Reflections on AI

AGI Ruin A List of Lethalities Eliezer Yudkowsky

May 21, 2023 Source

“AGI Ruin” is a fairly famous piece of writing in the world of AI alignment by Eliezer Yudkowsky, who is a bit like the spokesperson for the community of those concerned about AI existential risk (referred to perjoratively as “AI doomers” by those on the other side including Yann LeCun).

While the article was written back in June 2022, an interesting recent development is that the philosopher David Chalmers asked:

is there a canonical source for “the argument for AGI ruin” somewhere, preferably laid out as an explicit argument with premises and a conclusion?

This question prompted a dialogue between Yudkowsky and Chalmers, who made it clear that he does not consider Yudkowsky’s article to qualify as a formal argument.

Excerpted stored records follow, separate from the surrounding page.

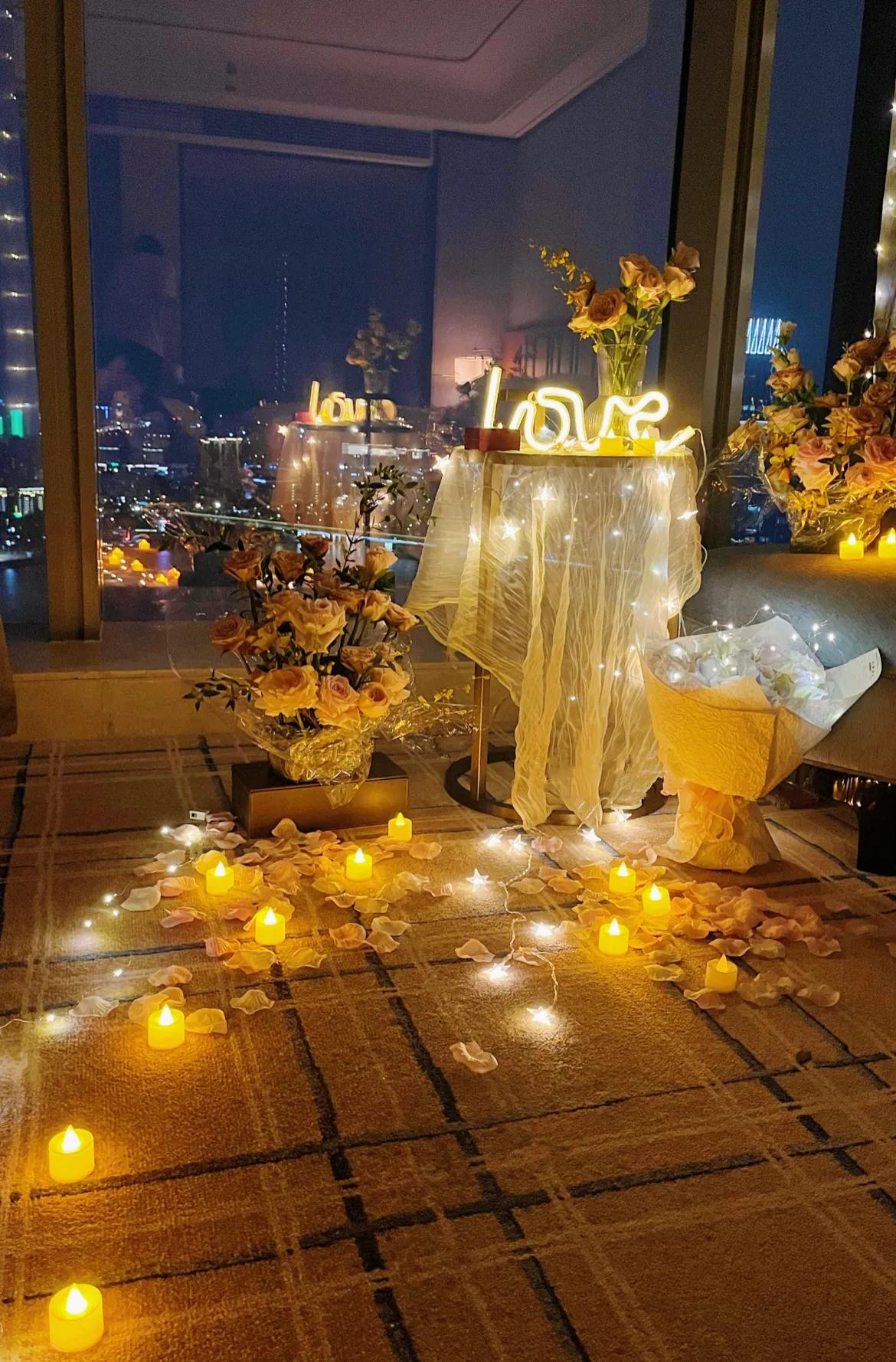 我今年49岁，是个寡妇。几天前再婚，嫁给了44岁的小王。昨晚，我洗了个澡，想回卧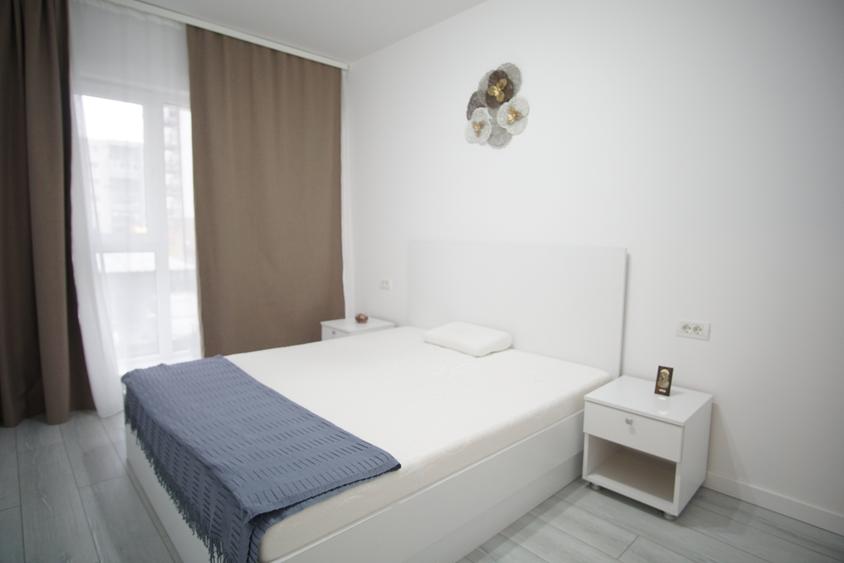 Apartament cu 2 camere nedecomandat în Apărătorii Patriei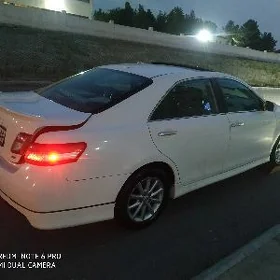Toyota Camry 2011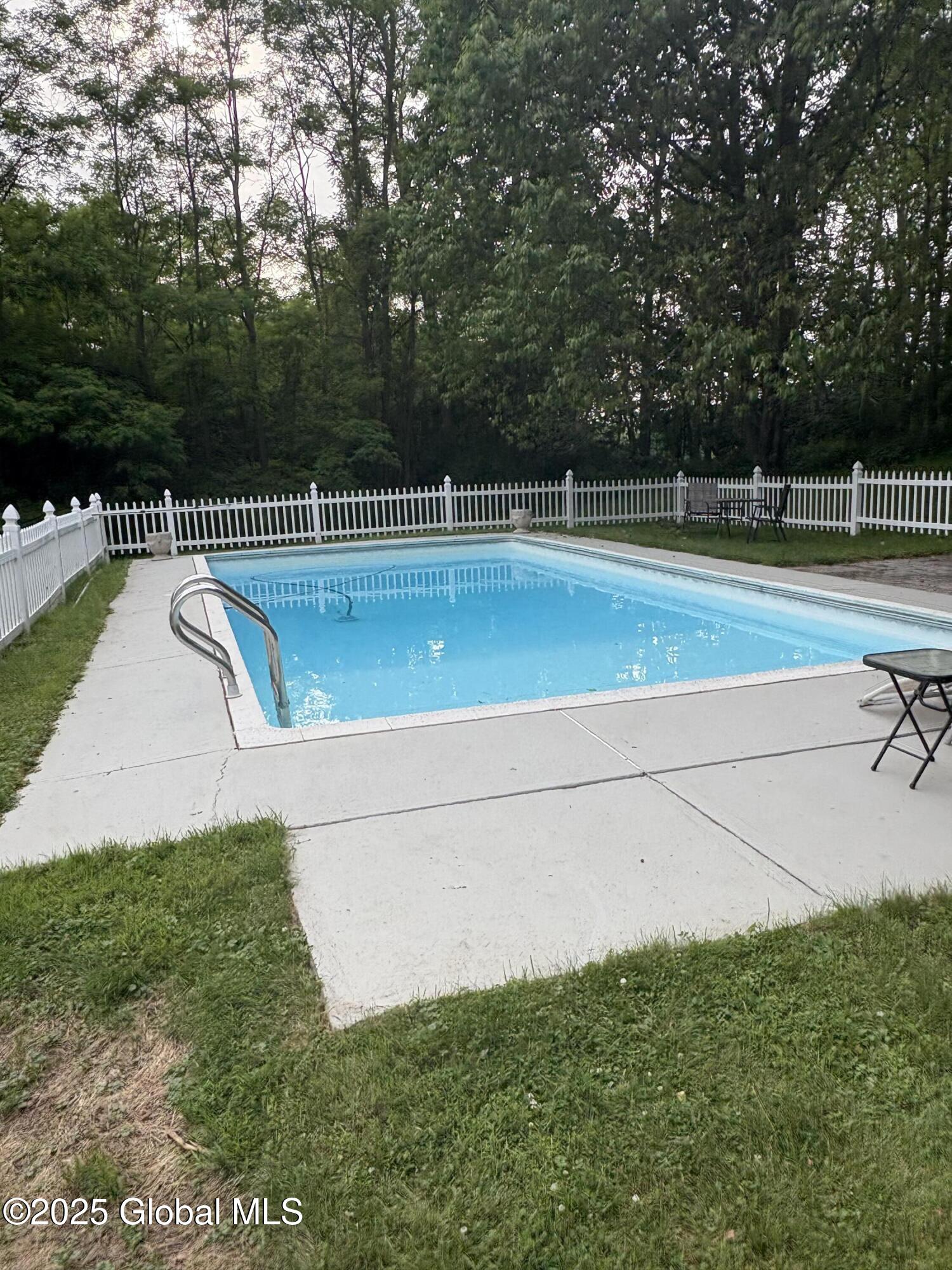 353 Truax Road Amsterdam, NY 12010 - Photo 50 of 61 20250615_221641194_iOS_24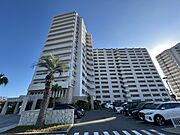 楽々園駅より徒歩8分 築7年 15階建の賃貸物件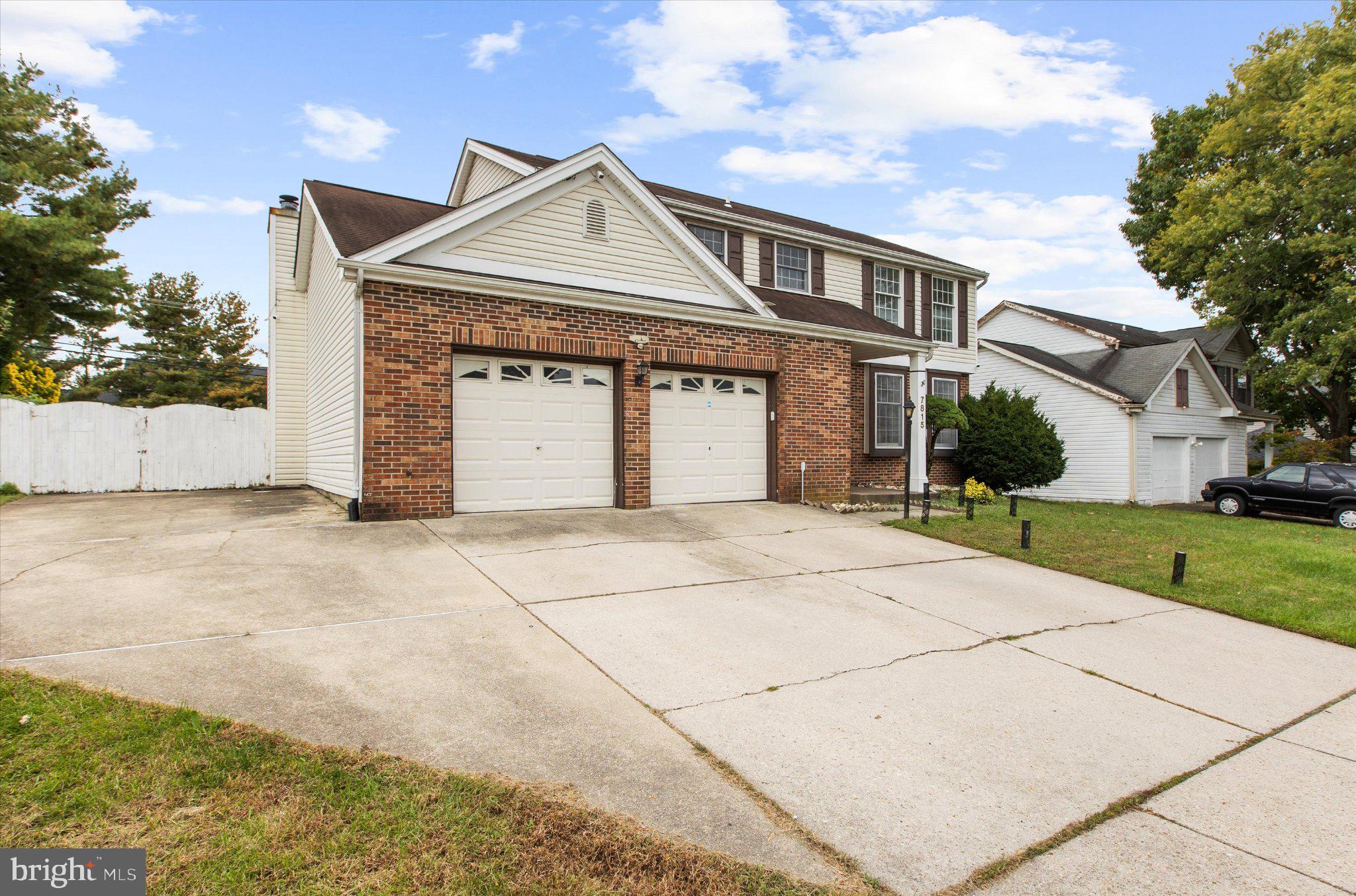 7815 GOLDEN PINE CIRCLE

Related: I recently wrote about this piece:

I have been reading a lot of articles on LessWrong, and a lot of them do seem quite long and difficult to digest. For example, this article from Eliezer Yudkowsky and this response from Paul Christiano are both written in the form of lists of points… which, ordinarily, I would consider to be an effective style for maximizing comprehensibility. But Yudkowsky’s list has 43 points on it, and Christiano’s has 46! Reading them, I find my brain struggling to synthesize the points they’re making into a high-level summary. The prioritization isn’t clear, many of them overlap with each other, etc.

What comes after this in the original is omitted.